[Date Prev][Date Next][Thread Prev][Thread Next][Date Index][Thread Index]

Re: freshman-level Boyer-Moore fast string search

This page is part of the web mail archives of SRFI 75 from before July 7th, 2015. The new archives for SRFI 75 contain all messages, not just those from before July 7th, 2015.

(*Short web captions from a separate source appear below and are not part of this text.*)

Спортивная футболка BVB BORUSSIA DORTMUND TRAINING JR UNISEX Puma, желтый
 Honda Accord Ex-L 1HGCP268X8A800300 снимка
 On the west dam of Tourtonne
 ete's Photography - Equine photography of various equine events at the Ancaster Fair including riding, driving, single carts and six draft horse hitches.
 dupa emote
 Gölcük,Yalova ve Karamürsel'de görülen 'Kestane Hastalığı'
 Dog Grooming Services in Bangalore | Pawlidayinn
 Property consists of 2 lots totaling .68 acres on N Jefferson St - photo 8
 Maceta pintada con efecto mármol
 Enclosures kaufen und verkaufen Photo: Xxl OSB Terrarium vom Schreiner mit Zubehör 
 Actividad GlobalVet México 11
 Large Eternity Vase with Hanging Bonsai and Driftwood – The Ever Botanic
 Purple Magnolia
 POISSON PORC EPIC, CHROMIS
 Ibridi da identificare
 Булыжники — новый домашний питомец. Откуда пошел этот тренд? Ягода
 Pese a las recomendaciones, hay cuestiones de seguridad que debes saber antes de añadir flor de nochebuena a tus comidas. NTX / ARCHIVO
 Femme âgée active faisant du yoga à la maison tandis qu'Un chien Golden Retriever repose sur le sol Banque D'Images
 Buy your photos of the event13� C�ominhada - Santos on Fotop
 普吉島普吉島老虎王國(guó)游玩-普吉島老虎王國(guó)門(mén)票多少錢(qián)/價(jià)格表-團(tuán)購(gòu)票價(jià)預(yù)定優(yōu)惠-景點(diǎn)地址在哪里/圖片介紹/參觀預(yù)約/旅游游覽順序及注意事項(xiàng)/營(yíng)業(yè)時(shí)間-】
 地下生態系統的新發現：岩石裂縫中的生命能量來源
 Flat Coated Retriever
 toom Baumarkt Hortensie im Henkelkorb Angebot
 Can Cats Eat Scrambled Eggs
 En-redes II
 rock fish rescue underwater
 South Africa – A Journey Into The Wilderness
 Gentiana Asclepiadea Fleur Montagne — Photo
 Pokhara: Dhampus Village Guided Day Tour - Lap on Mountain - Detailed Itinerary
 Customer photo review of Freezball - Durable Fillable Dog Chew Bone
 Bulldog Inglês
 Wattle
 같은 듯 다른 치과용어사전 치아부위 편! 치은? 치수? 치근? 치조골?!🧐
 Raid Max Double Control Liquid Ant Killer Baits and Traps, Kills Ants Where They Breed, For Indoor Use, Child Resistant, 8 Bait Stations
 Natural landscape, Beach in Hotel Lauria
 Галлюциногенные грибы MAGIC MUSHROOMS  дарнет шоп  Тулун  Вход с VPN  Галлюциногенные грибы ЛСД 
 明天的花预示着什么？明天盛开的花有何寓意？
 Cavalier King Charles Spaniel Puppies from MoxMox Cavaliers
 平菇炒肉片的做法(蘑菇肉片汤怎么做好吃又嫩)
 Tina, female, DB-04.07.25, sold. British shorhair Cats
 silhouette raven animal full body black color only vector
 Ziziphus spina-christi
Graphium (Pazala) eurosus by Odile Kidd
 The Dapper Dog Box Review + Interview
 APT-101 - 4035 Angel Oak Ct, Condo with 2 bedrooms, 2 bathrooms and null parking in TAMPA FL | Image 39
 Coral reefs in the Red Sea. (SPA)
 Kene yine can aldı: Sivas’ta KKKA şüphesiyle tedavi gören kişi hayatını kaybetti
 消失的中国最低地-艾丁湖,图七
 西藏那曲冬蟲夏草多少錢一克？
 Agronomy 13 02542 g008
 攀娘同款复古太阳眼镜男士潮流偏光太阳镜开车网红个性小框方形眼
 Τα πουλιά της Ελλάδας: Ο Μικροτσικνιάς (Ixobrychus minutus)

On 7/29/05, William D Clinger <cesura@xxxxxxxxxxx> wrote:
> The purpose of this note is to show how random access
> to the characters of a string improves the efficiency
> of string searching beyond what is possible with random
> access to the bytes of a UTF-8 string.
> This can be demonstrated using the Boyer-Moore algorithm
> for fast string searching

What you describe is not the Boyer-Moore algorithm.  It is a
(freshman level variant of) a variant of the Boyer-Moore algorithm
which trades a time and space cost of Sigma in the preprocessing
step for a constant factor of lg(m) in both steps.  This is probably
a worthwhile trade-off when Sigma is the full size of Unicode, but
there are other optimizations worth considering.

You say above you'll give us random access to the bytes of the UTF-8
string, and I want to use that.  I want to use something like strstr(3),
which works on bytes and returns a pointer.  This could use the real
BM, without the lg(m) factor.  Thus our costs become:

UTF-32 BM:
    preprocess: O(m + Sigma) time and space, Sigma huge
    worst case:  O(mn) time
    best case:    O(m/n) time

UTF-32 BM with binary tree offset lookup:
    preprocess: O(m lg(m)) time + O(m) space
    worst case:  O(mn lg(m)) time
    best case:    O(m/n lg(m)) time

UTF-8 with byte-oriented BM:
    preprocess: O(m + Sigma) time and space, Sigma small
    worst case:  O(mn) time
    best case:    O(m/n) time

Now, if you really wanted to convert the UTF-8 pointer to a codepoint
index, that could be done with a post-processing step of O(n).  This of
course only needs to be done when the string is found, so it will factor
into the average case, but not the best case.

However, the point of the discussion is that people are objecting to
explicitly forcing strings to be character arrays.  If we have string-pointers
in Scheme then the above conversion to index need not even be
performed.  Why penalize the fastest implementation?